SOURCE RECORDS section start
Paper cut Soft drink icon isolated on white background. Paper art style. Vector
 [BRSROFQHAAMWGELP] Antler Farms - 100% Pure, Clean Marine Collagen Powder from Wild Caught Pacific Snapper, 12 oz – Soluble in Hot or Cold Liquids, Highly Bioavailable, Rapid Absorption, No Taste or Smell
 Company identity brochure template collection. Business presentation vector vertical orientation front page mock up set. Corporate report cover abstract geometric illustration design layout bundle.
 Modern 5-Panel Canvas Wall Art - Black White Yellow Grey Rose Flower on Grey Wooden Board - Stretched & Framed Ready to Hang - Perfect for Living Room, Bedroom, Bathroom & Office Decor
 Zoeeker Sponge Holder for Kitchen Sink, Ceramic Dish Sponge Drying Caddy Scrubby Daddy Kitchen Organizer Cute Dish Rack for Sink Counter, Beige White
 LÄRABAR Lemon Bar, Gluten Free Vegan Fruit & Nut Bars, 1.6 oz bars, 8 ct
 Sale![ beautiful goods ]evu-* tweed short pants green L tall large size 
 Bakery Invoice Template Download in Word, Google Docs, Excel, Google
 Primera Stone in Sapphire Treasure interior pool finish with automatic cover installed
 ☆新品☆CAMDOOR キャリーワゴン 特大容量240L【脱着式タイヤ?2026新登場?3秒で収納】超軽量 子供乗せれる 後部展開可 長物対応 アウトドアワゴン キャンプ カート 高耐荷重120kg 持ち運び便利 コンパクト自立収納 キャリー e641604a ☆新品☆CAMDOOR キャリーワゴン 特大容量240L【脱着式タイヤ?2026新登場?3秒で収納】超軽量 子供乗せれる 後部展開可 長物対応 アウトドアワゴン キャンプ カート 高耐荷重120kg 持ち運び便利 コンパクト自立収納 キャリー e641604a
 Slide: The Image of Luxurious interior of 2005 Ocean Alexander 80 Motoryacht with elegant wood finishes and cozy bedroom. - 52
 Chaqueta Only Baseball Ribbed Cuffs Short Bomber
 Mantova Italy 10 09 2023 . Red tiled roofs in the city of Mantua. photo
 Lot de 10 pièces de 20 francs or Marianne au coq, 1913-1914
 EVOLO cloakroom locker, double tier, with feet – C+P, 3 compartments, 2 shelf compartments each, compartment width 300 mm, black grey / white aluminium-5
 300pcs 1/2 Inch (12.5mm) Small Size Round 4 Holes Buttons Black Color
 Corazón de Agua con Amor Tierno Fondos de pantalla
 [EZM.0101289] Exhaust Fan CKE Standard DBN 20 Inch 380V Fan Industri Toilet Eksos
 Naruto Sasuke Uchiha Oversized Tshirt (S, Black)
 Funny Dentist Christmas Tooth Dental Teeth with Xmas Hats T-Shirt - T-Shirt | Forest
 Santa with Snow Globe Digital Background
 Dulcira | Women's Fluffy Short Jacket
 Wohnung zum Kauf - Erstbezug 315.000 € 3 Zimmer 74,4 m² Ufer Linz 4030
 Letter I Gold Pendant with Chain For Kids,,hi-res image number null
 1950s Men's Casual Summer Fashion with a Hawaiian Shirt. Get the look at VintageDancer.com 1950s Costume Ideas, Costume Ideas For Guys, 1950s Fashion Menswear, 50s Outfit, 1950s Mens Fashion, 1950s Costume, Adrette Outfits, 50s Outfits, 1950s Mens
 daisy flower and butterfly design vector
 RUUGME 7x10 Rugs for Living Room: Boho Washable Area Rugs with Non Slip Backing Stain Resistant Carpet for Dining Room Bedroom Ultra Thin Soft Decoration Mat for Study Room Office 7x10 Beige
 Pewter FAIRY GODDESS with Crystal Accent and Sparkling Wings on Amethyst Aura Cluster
SOURCE RECORDS section end
• **ASSIGNMENT**
The expected output is an exact copy of all the records above.

• **REPLY TO THE TASK**
Paper cut Soft drink icon isolated on white background. Paper art style. Vector
 [BRSROFQHAAMWGELP] Antler Farms - 100% Pure, Clean Marine Collagen Powder from Wild Caught Pacific Snapper, 12 oz – Soluble in Hot or Cold Liquids, Highly Bioavailable, Rapid Absorption, No Taste or Smell
 Company identity brochure template collection. Business presentation vector vertical orientation front page mock up set. Corporate report cover abstract geometric illustration design layout bundle.
 Modern 5-Panel Canvas Wall Art - Black White Yellow Grey Rose Flower on Grey Wooden Board - Stretched & Framed Ready to Hang - Perfect for Living Room, Bedroom, Bathroom & Office Decor
 Zoeeker Sponge Holder for Kitchen Sink, Ceramic Dish Sponge Drying Caddy Scrubby Daddy Kitchen Organizer Cute Dish Rack for Sink Counter, Beige White
 LÄRABAR Lemon Bar, Gluten Free Vegan Fruit & Nut Bars, 1.6 oz bars, 8 ct
 Sale![ beautiful goods ]evu-* tweed short pants green L tall large size 
 Bakery Invoice Template Download in Word, Google Docs, Excel, Google
 Primera Stone in Sapphire Treasure interior pool finish with automatic cover installed
 ☆新品☆CAMDOOR キャリーワゴン 特大容量240L【脱着式タイヤ?2026新登場?3秒で収納】超軽量 子供乗せれる 後部展開可 長物対応 アウトドアワゴン キャンプ カート 高耐荷重120kg 持ち運び便利 コンパクト自立収納 キャリー e641604a ☆新品☆CAMDOOR キャリーワゴン 特大容量240L【脱着式タイヤ?2026新登場?3秒で収納】超軽量 子供乗せれる 後部展開可 長物対応 アウトドアワゴン キャンプ カート 高耐荷重120kg 持ち運び便利 コンパクト自立収納 キャリー e641604a
 Slide: The Image of Luxurious interior of 2005 Ocean Alexander 80 Motoryacht with elegant wood finishes and cozy bedroom. - 52
 Chaqueta Only Baseball Ribbed Cuffs Short Bomber
 Mantova Italy 10 09 2023 . Red tiled roofs in the city of Mantua. photo
 Lot de 10 pièces de 20 francs or Marianne au coq, 1913-1914
 EVOLO cloakroom locker, double tier, with feet – C+P, 3 compartments, 2 shelf compartments each, compartment width 300 mm, black grey / white aluminium-5
 300pcs 1/2 Inch (12.5mm) Small Size Round 4 Holes Buttons Black Color
 Corazón de Agua con Amor Tierno Fondos de pantalla
 [EZM.0101289] Exhaust Fan CKE Standard DBN 20 Inch 380V Fan Industri Toilet Eksos
 Naruto Sasuke Uchiha Oversized Tshirt (S, Black)
 Funny Dentist Christmas Tooth Dental Teeth with Xmas Hats T-Shirt - T-Shirt | Forest
 Santa with Snow Globe Digital Background
 Dulcira | Women's Fluffy Short Jacket
 Wohnung zum Kauf - Erstbezug 315.000 € 3 Zimmer 74,4 m² Ufer Linz 4030
 Letter I Gold Pendant with Chain For Kids,,hi-res image number null
 1950s Men's Casual Summer Fashion with a Hawaiian Shirt. Get the look at VintageDancer.com 1950s Costume Ideas, Costume Ideas For Guys, 1950s Fashion Menswear, 50s Outfit, 1950s Mens Fashion, 1950s Costume, Adrette Outfits, 50s Outfits, 1950s Mens
 daisy flower and butterfly design vector
 RUUGME 7x10 Rugs for Living Room: Boho Washable Area Rugs with Non Slip Backing Stain Resistant Carpet for Dining Room Bedroom Ultra Thin Soft Decoration Mat for Study Room Office 7x10 Beige
 Pewter FAIRY GODDESS with Crystal Accent and Sparkling Wings on Amethyst Aura Cluster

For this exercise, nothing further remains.